General Discussion
Related: Editorials & Other Articles, Issue Forums, Alliance Forums, Region ForumsHow Sears lost the American shopper
It was the 1970s and Sears was at its peak. It dominated American retailing. Its corporate headquarters was the tallest building in the world. A job at Sears was a ticket to a long and lucrative career.
But rivals like Walmart were bearing down, shopping patterns were changing and Sears started making a series of wrong bets.
Over the last four decades, a succession of CEOs have tried to reinvent, reimagine and, finally, save Sears. One discussed merging with rivals Best Buy and Home Depot, talks not previously reported. Another opened the door to hedge-fund billionaire Eddie Lampert, who went on to slash spending with little investment in stores. Amid changing shopping patterns, technology shifts and Searss own missteps, customers fled.
What were the turning points when it lost its grip on the American shopper? Here is the story, told by eight people who lived it (edited from interviews). Mr. Lampert, who is poised to steer a vastly shrunken Sears out of bankruptcy, declined to be interviewed.
-more-
https://www.msn.com/en-us/money/companies/how-sears-lost-the-american-shopper/ar-BBUO2bk?li=BBnbfcN
TheBlackAdder
(28,210 posts)Sanity Claws
(21,850 posts)You would think that would put it at an advantage for online sales but apparently not.
The Genealogist
(4,723 posts)Of course there are differences between catalog sales and online sales, but see a lot of similarity, as the grandson of an avid catalog user. Sears could have been a formidable force in internet sales.
fescuerescue
(4,448 posts)After years of losing money for Sears. They really just missed it by a few years. Amazon sold it's first book 1995 and general merchandise in 1998.
But those 2 years were far far more than enough time for sears to lose all it's mail order expertise as certainly all those folks were laid off.
Heck I wouldn't be surprised if Amazon picked up more than a few ex-sears mail order experts.
It's really kind of weird imo. There was only a period of about 10 years where people didn't want to order, but preferred the malls. Arguably the 1990's was probably the peak for malls.
Doremus
(7,261 posts)A hedge fund manager of all things. With one purpose: to divest of the popular, profitable portions of the company to line his pockets and leave the unprofitable stores behind. He's probably only buying it now so he can sell the remaining profitable real estate and then totally chuck the empty shell away for good.
Not a mystery that if you want to run a profitable retail operation you should probably have experienced retail managers in charge. But that never was the objective.
dixiegrrrrl
(60,010 posts)Sears is one of the biggest targets being destroyed by vulture funds, there are so many more lesser businesses that have lost too.
sinkingfeeling
(51,467 posts)That's our "thing" as Americans for some reason... And that's why we now have a batshit insane reality TV celeb as our leader.
Leith
(7,813 posts)and blaringly obvious to everyone who was not running the company.

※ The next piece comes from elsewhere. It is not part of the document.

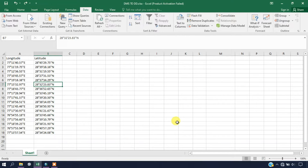Hello everyone, welcome to Terra Spatio. In this video tutorial we are going to see how to convert degree minutes seconds to decimal degrees, that is DMS to DD, and how we are going to import it to ArcGIS.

Management decisions were so bad that it looked like they were trying to run Sears into the ground.
No Vested Interest
(5,167 posts)In particular, I recall ordering the bottom half - pants- of children's sleepers.
The bottom half always wore out sooner than the tops, due to children learning to crawl while wearing their sleepers.
So I had many tops by bottoms with holes in them.
Sears came through with bottoms from their catalogues.
The good old days......
obamanut2012
(26,087 posts)They had a built-in consumer base and distribution centers, and threw it away! They could have been an online powerhouse, they could have been Amazon.
Then, they started screwing over employees.
THEN, started cheapening their main brands like Kenmore and Craftsman, and also didn't update their clothes -- it was all "old ladies" stuff. I am a semi old, and do not dress like an "old lady." Even their Levis, etc. were odd models. They didn't update their stores at all, either.
It was their fault they tanked. It made me sad at first, because I grew up with them, and I tried to at least still buy appliances from them, but Kenmore started sucking. I buy my appliances from Lowe's or IKEA now. AS cheap or cheaper, and better quality.
Codeine
(25,586 posts)I wandered in to my local Sears and it was straight the fuck out of 1983; I seriously felt like I had just time travelled back to junior high school clothes shopping.
crazycatlady
(4,492 posts)In the now classic movie "Mean Girls' the character gains a few pounds and is too fat to shop at the cool prom dress store. The clerk condescendingly tells her to go to Sears.